Protopapas, Gerakaki, and Stella (2007) mentioned that the stress assignment in word production (for example, in a reading aloud task) is made possible through various sources of information. Since the Greek stress is always marked by an accent mark in polysyllabic words, the orthographic information (i.e., the accent mark) plays a crucial role in the stress assignment in Greek. A second source of information in the stress assignment is lexical, as the speaker can retrieve the stress pattern of the words from the information in the lexicon. In that sense, more accentual errors are likely to be observed in the production of pseudowords than in the production of words, since pseudowords cannot be found in the lexicon. Moreover, word-resembling pseudowords are more likely to be produced with the stress of the resembling word. A third source of information might determine, to a lesser extent, the stress assignment in Greek: the default stress pattern information. Since the Greek default stress pattern is paroxytone, speakers are likely to produce, in absence of other sources of information, paroxytone items.

Research in Italian has shown that stress can be assigned not only on the basis of the lexical information and on the default accentual pattern, but also on the basis of the stress neighborhood consistency (e.g., many Italian words ending in –ino are paroxytone, such as bambino; Colombo, 1992; Colombo, Deguchi, & Boureux, 2014; Colombo & Zevin, 2009). For example, Colombo and Zevin (2009), with the pathway priming paradigm (i.e., a sequence of primes with the same stress precedes a target), found that the neighborhood consistency plays a role in the stress assignment. Indeed, they reported that speakers were sensitive to the relationship between particular segmental patterns and stress, since they produced pseudowords with the less frequent stress pattern on the basis of the stress neighbors.

In Spanish, the only study, to our knowledge, that deals with stress assignment in word production was performed by Gutiérrez Palma and Palma Reyes (2004). They studied the stress placement in a reading-aloud task with children. More specifically, they examined, on the one hand, the use of the information about the default stress pattern in the stress assignment in Spanish. On the other hand, since the authors consider the difference between regular and irregular words as being determinant in stress assignment (i.e., words considered as regular are paroxytone words ending with a vowel and oxytone words ending with a consonant), they also explored the importance of the word syllabic structure in stress assignment. For this, 18 8-year-old children had to read aloud paroxytone (e.g., cable) and oxytone (e.g., collar) words, as well as regular (e.g., compra) and irregular (e.g., café) words. The words appeared on a computer screen in capital letters without accent mark. Reaction times (RTs) and errors were collected. Regarding the default stress pattern information, the authors failed to show a difference in RTs and error rates between the production of paroxytone (i.e., default accentual pattern) and oxytone words.

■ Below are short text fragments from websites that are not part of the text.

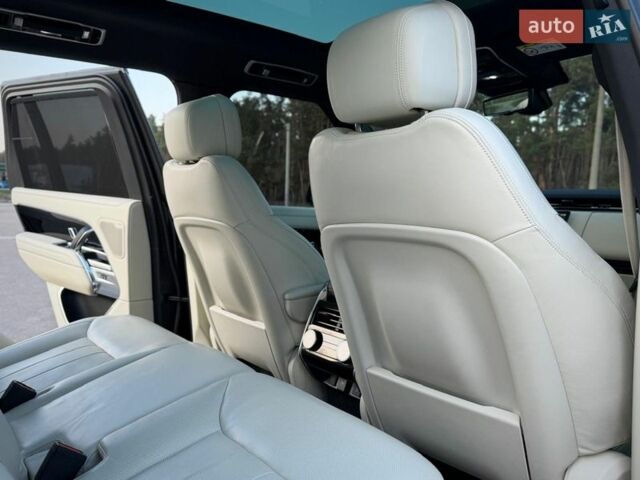 Чорний Ленд Ровер Рендж Ровер, об'ємом двигуна 3 л та пробігом 9 тис. км за 179900 $, фото 76 на Automoto.ua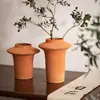 Jingdezhen Estilo Wabi-Sabi Cerámica Rústica Diseño de Nicho Jarrón de Cerámica para Mesa de Entrada o Decoración de Casa de Huéspedes con Flores Secas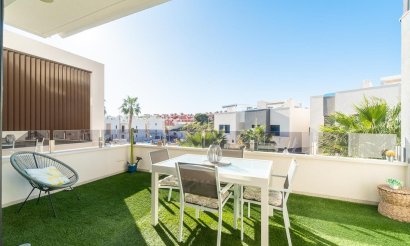 Resale - Townhouse - Orihuela Costa - Villamartin
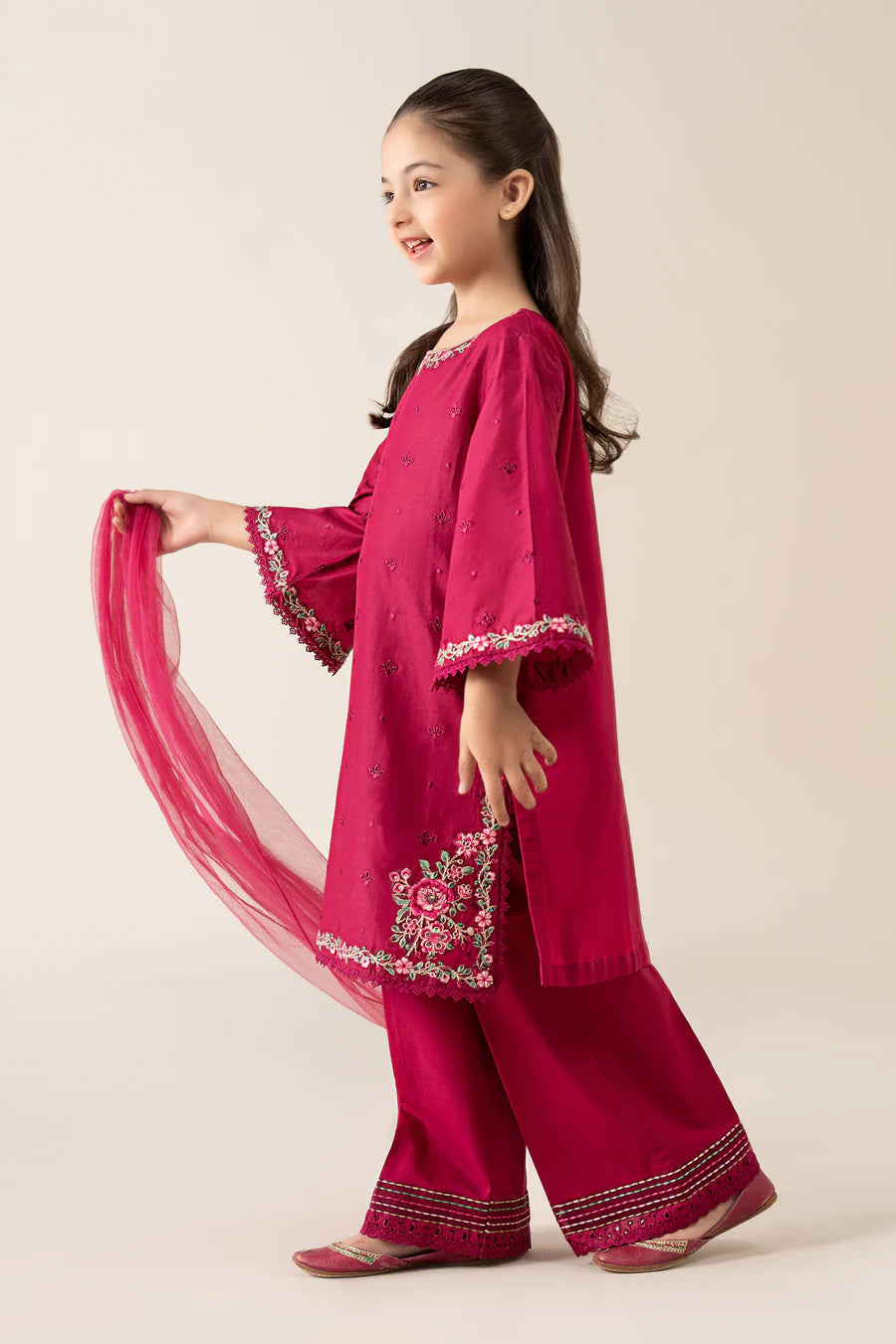 MARIAB GIRLS 3 Piece Embroidered Lawn Suit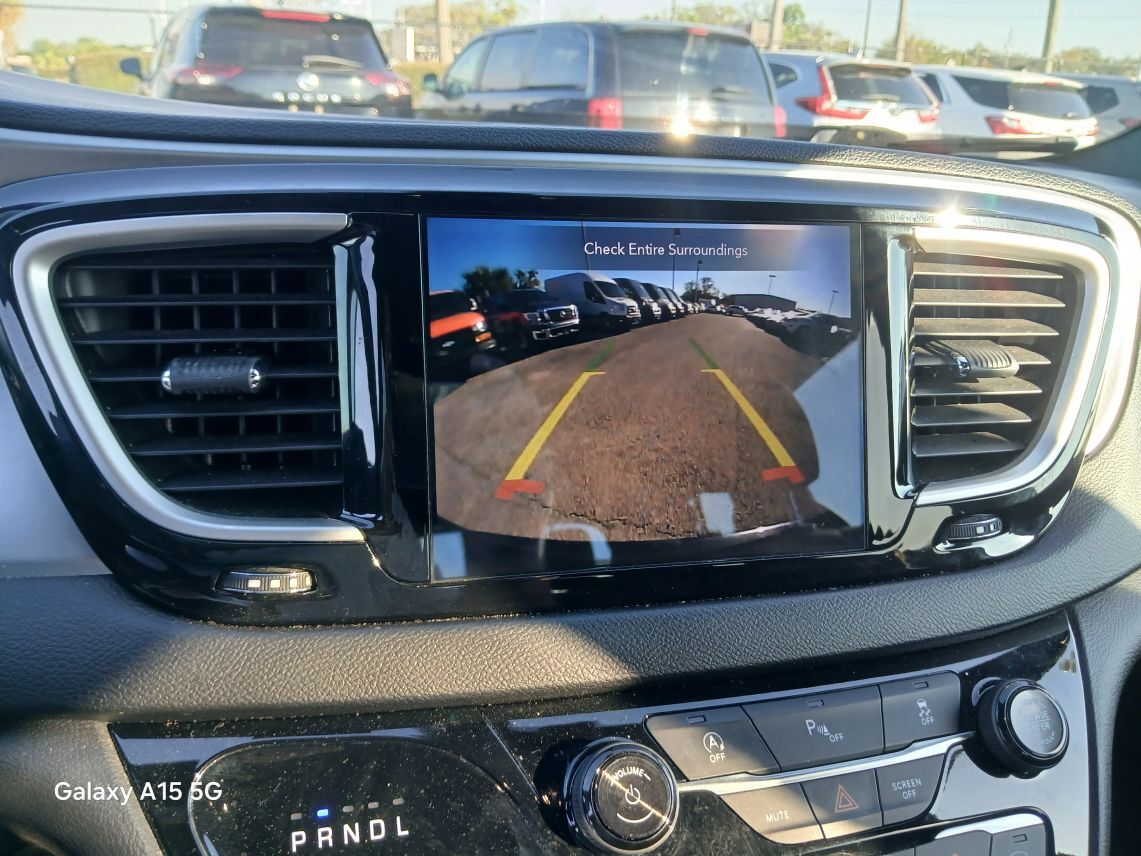 2020 Chrysler Pacifica Touring Minivan 4D Maitland FL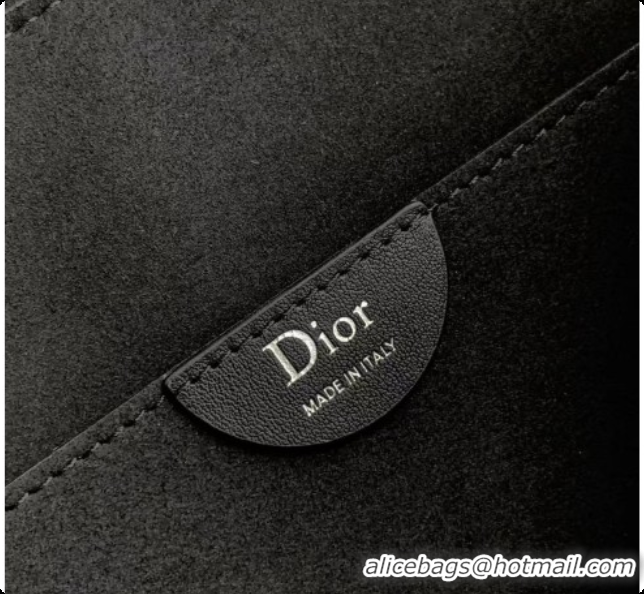 Hot Style Dior Normandie A5 Triangle Pouch in Black Grained Calfskin D090322 2026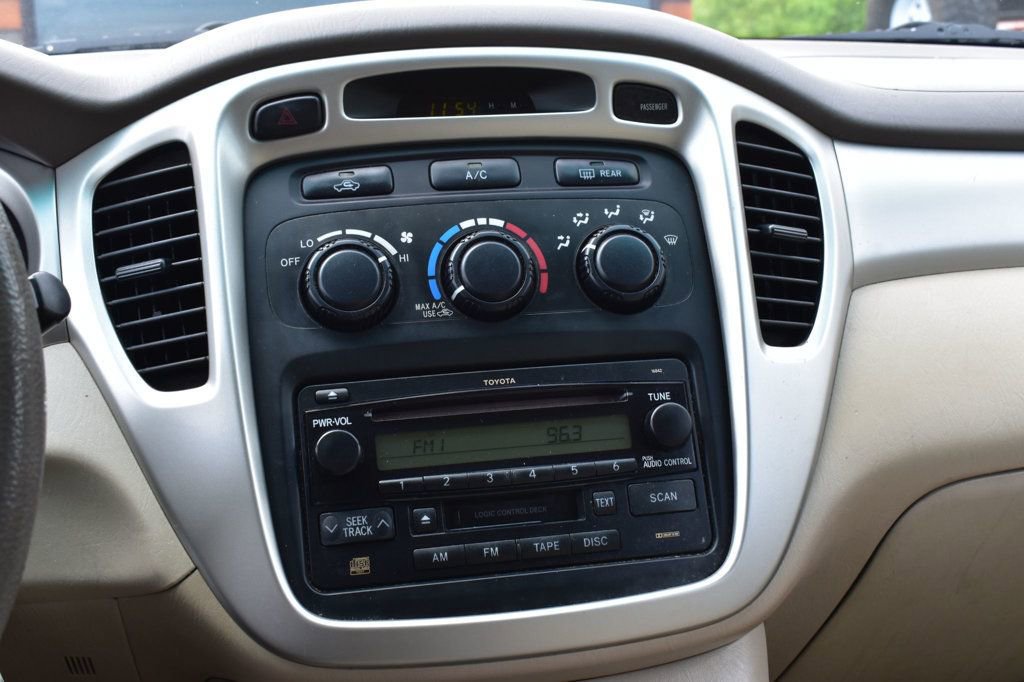 Used 2005 Toyota Highlander 4WD V6 w/ 3rd Row image 29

As far as the syllabic information was concerned, they found more errors in irregular words (i.e., where stress did not match the syllable structure) than in regular words, but no difference in RTs, and concluded that the syllabic information (i.e., regularity) is used in the stress assignment in Spanish.

The question arises whether lexical stress plays the same role in lexical access when there is no word production, for example in lexical decision tasks. To our knowledge, very few studies have dealt with this issue in Spanish.

Soto-Faraco, Sebastián-Gallés, and Cutler (2001) examined with a crossmodal priming method the role of lexical stress in the activation of spoken words. In their experiment, the prime was an auditory two-syllable sequence such as prínci– (/ˈpɾinθi/) followed by a visual word target which could match the prime stress pattern (e.g., príncipe/ˈpɾinθipe/) or not (e.g., principio/pɾinˈθipjo/). Results showed that stress-mismatching primes slowed down the responses. The authors concluded that Spanish listeners use lexical stress information in lexical access.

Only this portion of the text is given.